I have two dataframes that look like the toy examples below:
data1 = {'subject': ['A', 'B', 'C', 'D'],
'group': ['red', 'red', 'blue', 'blue'],
'lists': [[0, 1, 1], [0, 0, 0], [1, 1, 1], [0, 1, 0]]}
data2 = {'subject': ['a', 'b', 'c', 'd'],
'group': ['red', 'red', 'blue', 'blue'],
'lists': [[0, 1, 0], [1, 1, 0], [1, 0, 1], [1, 1, 0]]}
df1 = pd.DataFrame(data1)
df2 = pd.DataFrame(data2)
I would like to calculate the cohen's kappa score for each pair of subjects. For example, I would like to calculate the cohen's kappa scores for subject "A" in df1 against subjects "a", "b", and "c" in df2... and onwards. Like this:
from sklearn.metrics import cohen_kappa_score
cohen_kappa_score(df1['lists'][0], df2['lists'][0])

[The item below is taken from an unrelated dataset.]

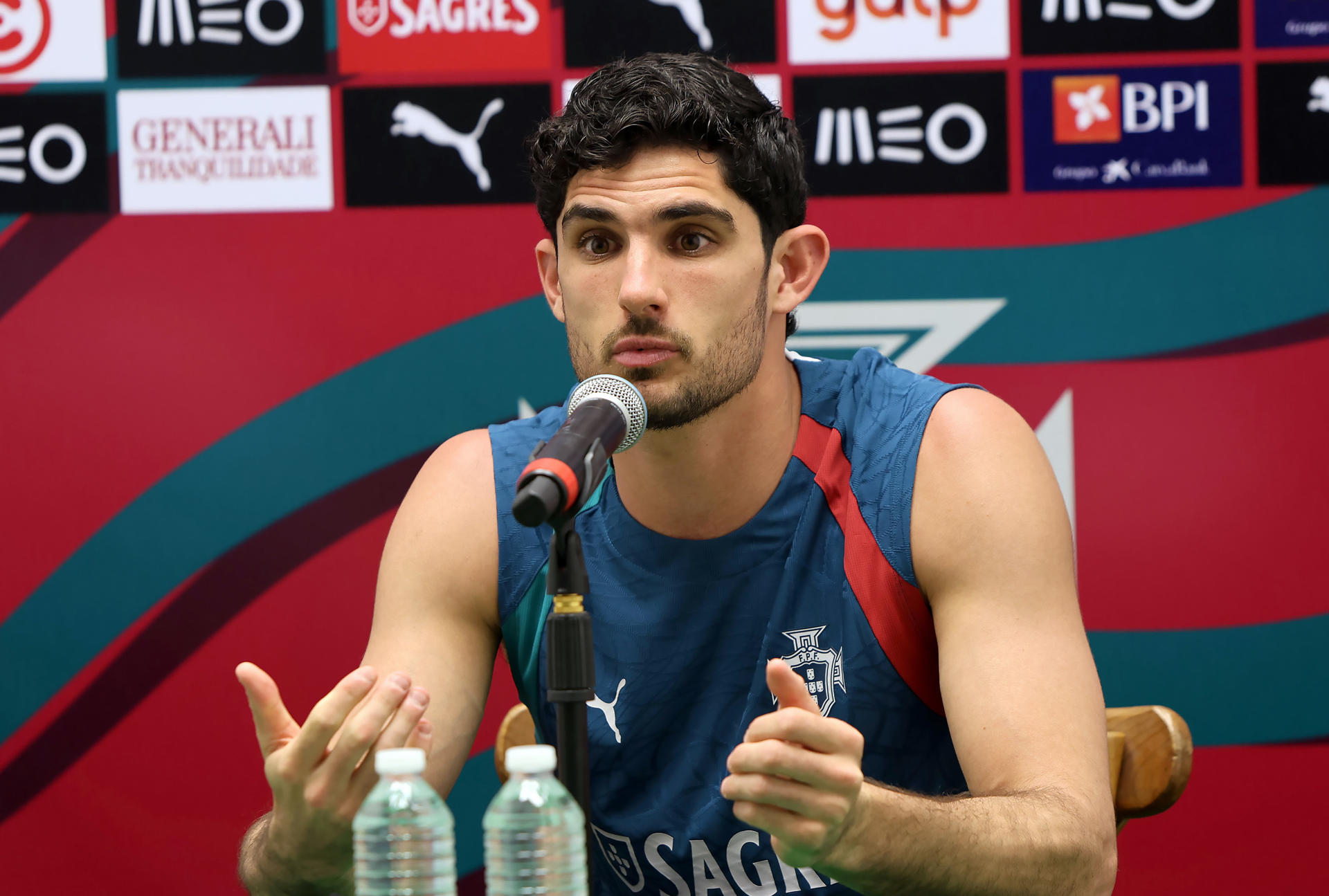 El jugador Gonçalo Guedes de la Selección de Portugal habla en una rueda de prensa este miércoles, previo a un juego amistoso contra la Selección de México, en el balneario de Cancún (México). EFE/ Alonso Cupul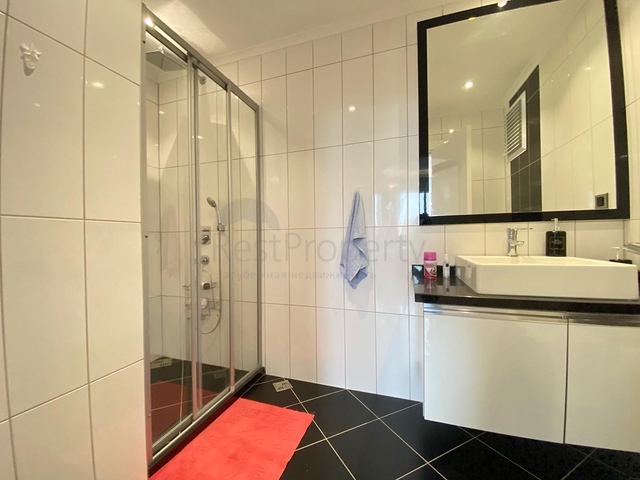 شقة غرفتين وصالة ضمن مجمع فاخر - في منطقة اوبا المركزية / الانيا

cohen_kappa_score(df1['lists'][0], df2['lists'][1])
cohen_kappa_score(df1['lists'][0], df2['lists'][2])
...
Importantly, I would like to represent these pairwise cohen's kappa scores in a new dataframe where both the columns and rows would be all the subjects ("A", "B", "C", "a", "b", "c"), so that I can see whether these scores are more consist between dataframes or within dataframes. I will eventually convert this dataframe into a heatmap organized by "group".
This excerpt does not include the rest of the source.